## EXERCISE GOAL
Omit the pictures, then reproduce exactly the line bearing "Drawn Cactus Cartoon - Cactus (640x480)" and every line after it up to and including the last line of the entries below.

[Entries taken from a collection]
= = = = = = =

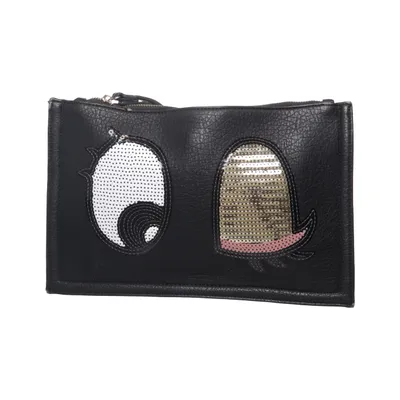 Clutch bag (Black, Multicolored) from Street Level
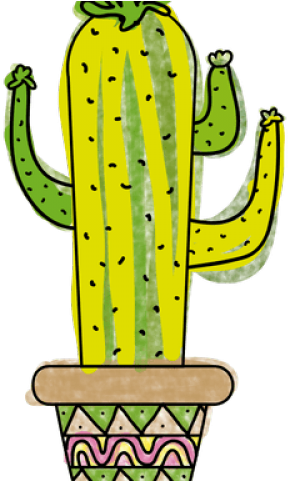 Drawn Cactus Cartoon - Cactus (640x480)
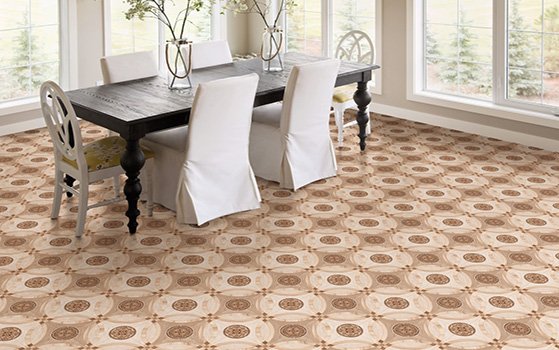 Линолеум бытовой "Комитекс" Версаль Менуэт 931 (3м) — купить в Екатеринбурге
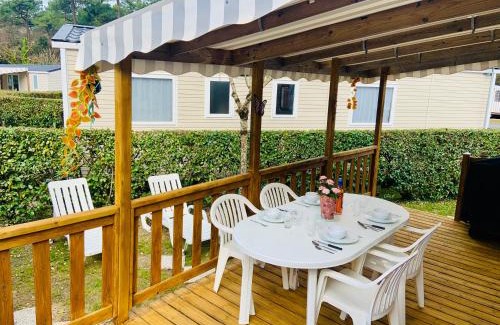 Ronce-les-Bains Otro | Mobil Home TOUT CONFORT - Camping SIBLU 4 étoiles "La Pignade" - RONCE LES BAINS en Charente- Maritime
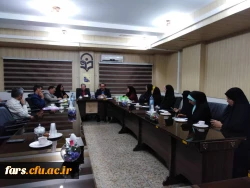 اولین روز برگزاری بیست و نهمین جشنواره فرهنگی (تئاتر و سرود ) دانشگاه فرهنگیان 
شیراز 19 تیرماه 
حضور و پذیرش دانشجویان و جلسه توجیهی دکتر میرمعینی مدیر کل اداره امور فرهنگی با مسولین  (بخش سرود و تئاتر) و سرپرست های گروه های اعزام شده به این جشنواره 2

= = = = = = =

## COMPLETED EXERCISE
 Drawn Cactus Cartoon - Cactus (640x480)
 Линолеум бытовой "Комитекс" Версаль Менуэт 931 (3м) — купить в Екатеринбурге
 Ronce-les-Bains Otro | Mobil Home TOUT CONFORT - Camping SIBLU 4 étoiles "La Pignade" - RONCE LES BAINS en Charente- Maritime
 اولین روز برگزاری بیست و نهمین جشنواره فرهنگی (تئاتر و سرود ) دانشگاه فرهنگیان 
شیراز 19 تیرماه 
حضور و پذیرش دانشجویان و جلسه توجیهی دکتر میرمعینی مدیر کل اداره امور فرهنگی با مسولین  (بخش سرود و تئاتر) و سرپرست های گروه های اعزام شده به این جشنواره 2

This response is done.